There's a huge disconnect when it comes to solar energy: although the amount of usable sunlight illuminating the Earth far exceeds the world's total energy production, the production of power from solar photovoltaic (PV) systems is currently only approximately 1% of global power production. What barriers need to be overcome for PV power to achieve more of its potential?
A new paper, published in Science Magazine on April 14, attempts to answer that question by examining the technical, infrastructure, economic, and policy barriers to greater adoption of PV power. The paper, Terawatt-Scale Photovoltaics: Trajectories and Challenges, was co-authored by 21 PV experts from around the world, including 8 from NREL. The paper is based on input from 57 experts who met in Germany in March 2016 for the first “Terawatt Workshop” gathering, organized by the Global Alliance of Solar Energy Research Institutes.
The group determined that current trajectories should reach approximately 3 TW of PV capacity by 2030 and that 5–10 TW could be in place by then if the following advances occur:
- A continued reduction in the cost of PV systems while also improving the performance of solar modules
- A drop in the cost and time required to expand manufacturing and installation capacity
- A move to more flexible grids that can handle high levels of PV power through increased load shifting, energy storage, or transmission
- An increase in demand for electricity by using more for transportation (in electric vehicles and plug-in hybrids) and heating and cooling (using heat pumps, for instance)
- Continued progress in energy storage.
Nancy Haegel, director of NREL's Material Science Center, was the lead author on the paper. Benjamin Kroposki, director of NREL's Power Systems Engineering Center, was a contributing author.
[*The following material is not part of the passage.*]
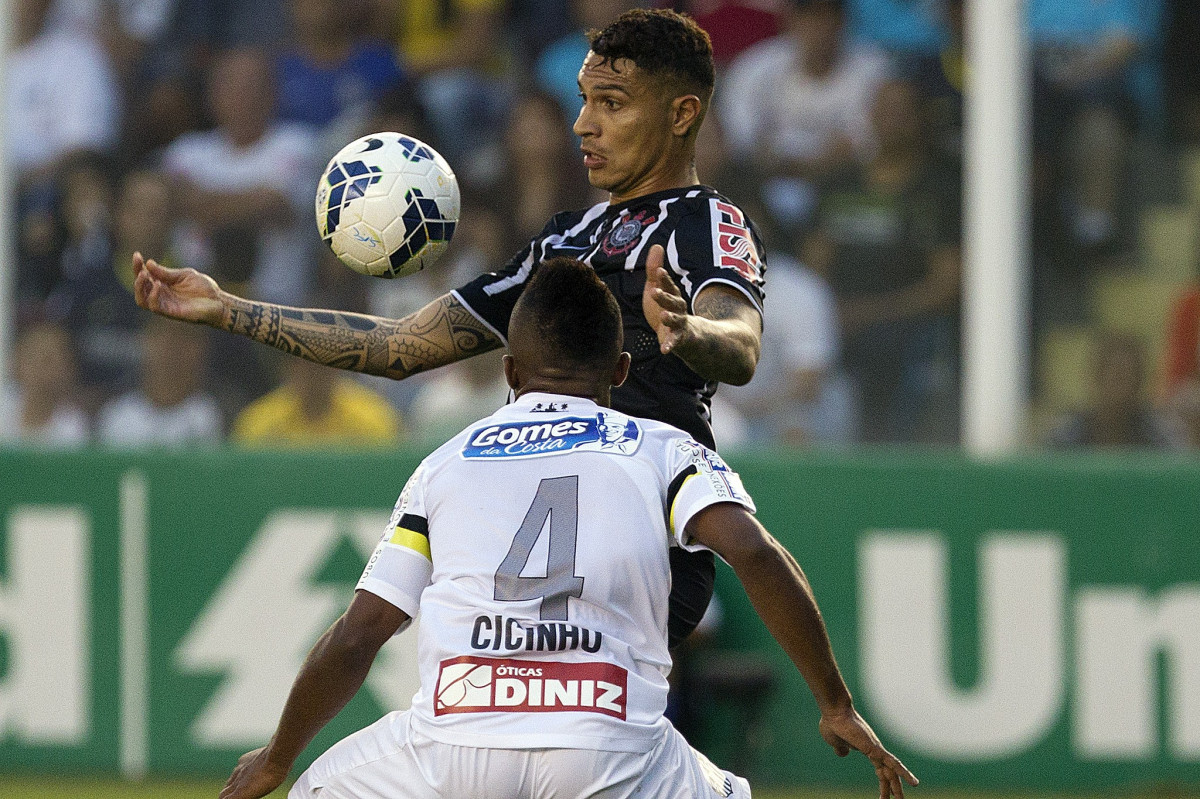 Durante o jogo entre Santos x Corinthians realizado esta tarde na Vila Belmiro, vlido pela 14 rodada do Campeonato Brasileiro de 2014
See the NREL press release for more information.
Caterpillar Inc. partnered with NREL to assess their 300-kVA-amp bi-directional power inverter, designed to stabilize utility grids and microgrids by integrating energy storage. The high-power testing subjected the inverter to precise and very rapid changes in grid voltage and frequency to rigorously test the ride-through and grid support functions of the inverter. As part of the testing, the inverter endured 200% overload for 13 seconds, after which power slowly curtailed automatically to keep the inverter online.
The testing successfully validated the inverter's capability to stay online and provide twice its rated power to help stabilize the grid, while simultaneously managing the temperatures of its power electronics to ensure longevity. The inverter maintained good efficiency even under very high and very low loads, allowing the system to maintain efficiency for energy storage applications.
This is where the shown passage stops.